OK, forget what I said about posting here once a week for a hot second. I’d like to rephrase it as “I will post here 1+ time(s) a week.”
I’ve been offering freelance editing services for a while now but am still fairly new to the enterprise. Most of my work has come by referral (thanks KB!), and none of it has been what I’d consider “easy” editing. I’m not going to go into detail about previous edits, but I’d like to recount my last experience, omitting/changing the client’s name.
Needless to say, this has all certainly been a “learn as I go” kind of endeavor.
I would argue—and perhaps one of Specter and [PANK] Magazines’ contributors/editors, Alicia Kennedy, can maybe confirm or deny this—that every editor has their own unique editing style, just as every writer has her or his unique writing style. Or, more specifically, every editor has her or his own unique style of initially approaching a new manuscript.
My latest project was one I was indeed excited to work on. After a preliminary read through of “Mr. Smith’s” manuscript, I thought: OK, here’s a chance to finally utilize most of the implements in my editing toolkit. By which I mean that it seemed like Mr. Smith was looking for the kind of feedback and editing advice a writer typically gets when workshopping her or his piece. Having previously attended a large number of these workshops and earning an MFA along the way, I felt confident I could offer Mr.
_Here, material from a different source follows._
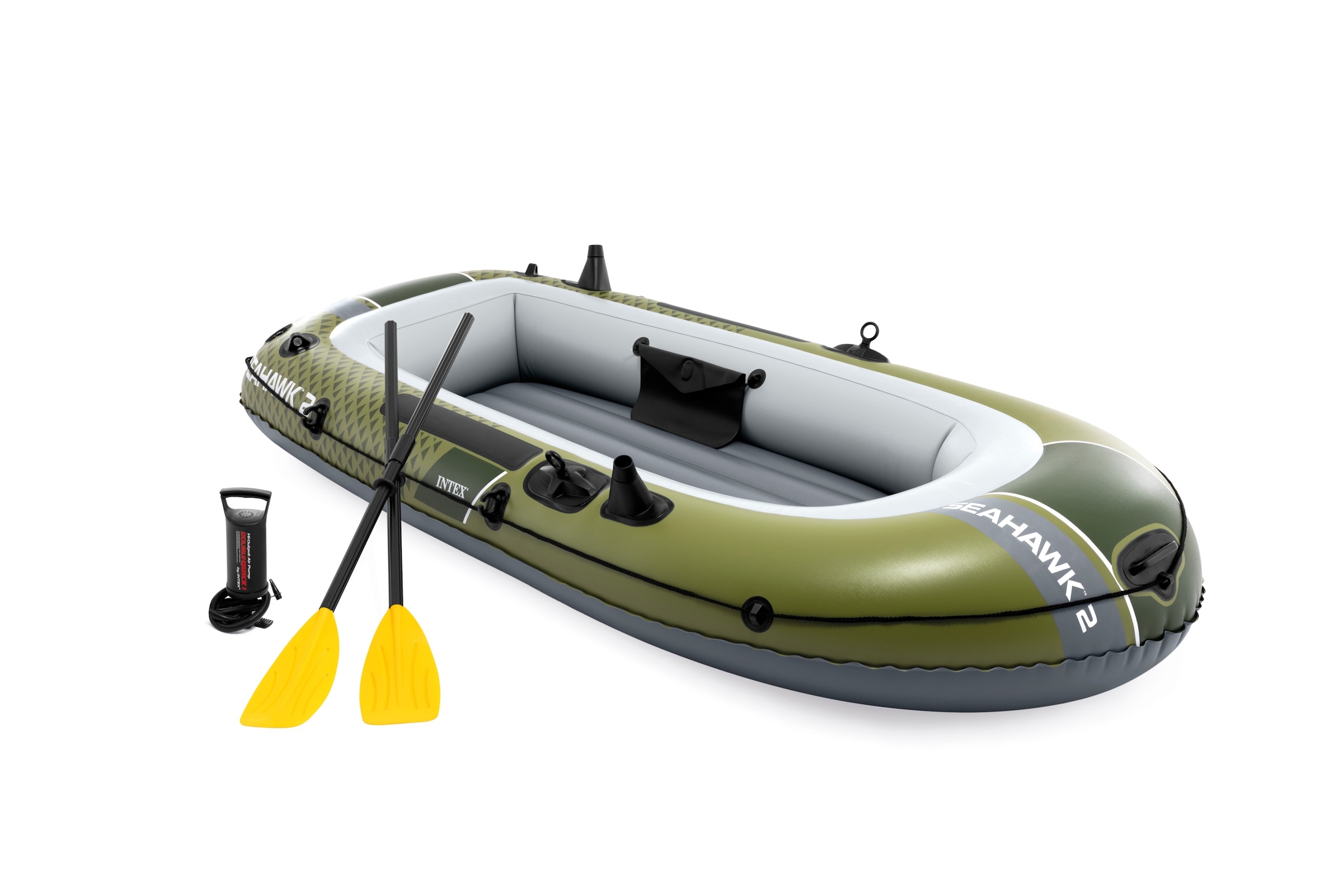 INTEX Schlauchboot "Seahawk 2 Zwei Personen Boot-Set", B:114cm H:41cm L:236cmgrün, Kleinboote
Smith exactly what he was looking for.
However, this turned out to be…how should I put it…incorrect.
I think it came down to my editing style not being compatible with the desired results Mr. Smith had envisioned for his manuscript. This is fair—different strokes for different folks, and all that. A mistake perhaps made on my part was offering to be as communicative as possible throughout the whole process, in order to give Mr. Smith a full sense of involvement in his project. That seems like it’d be a really good thing, however, I can testify that the reality of such author involvement is “not always.”
Mr. Smith, from the get-go, wrote very long and detailed expectations of what his thoughts were, i.e. what he had questions about, what other editors had told him previously, what he was ultimately going for, etc. I subsequently set out with the information of that first email and dove into the manuscript. My style of editing for a first read through is to ostensibly do a line edit as I go and provide a running commentary by asking questions, pointing out word choices that don’t work, identifying awkward or clunky phrasing, and other edits along those lines. Pretty standard stuff. I also try to keep in mind what the client has asked for and address it in addition to my own edits.
However, by offering to keep the lines of communication open, Mr. Smith would send three or four emails during every phase of the process, which made it extremely difficult to address all of his questions, at least in any kind of order other than chronologically. One of the more difficult obstacles I’d encounter was when Mr. Smith would invariably decide items he’d asked about earlier were no longer as important as new questions he’d come up with (after I’d already addressed them earlier in the manuscript). It became difficult to go back and address each new comment/question and also have the resulting “fix” make sense with subsequent comments or edits I would make (of course, after the fact) that referred back to the changed comment (does that make any sense, or am I explaining this poorly?).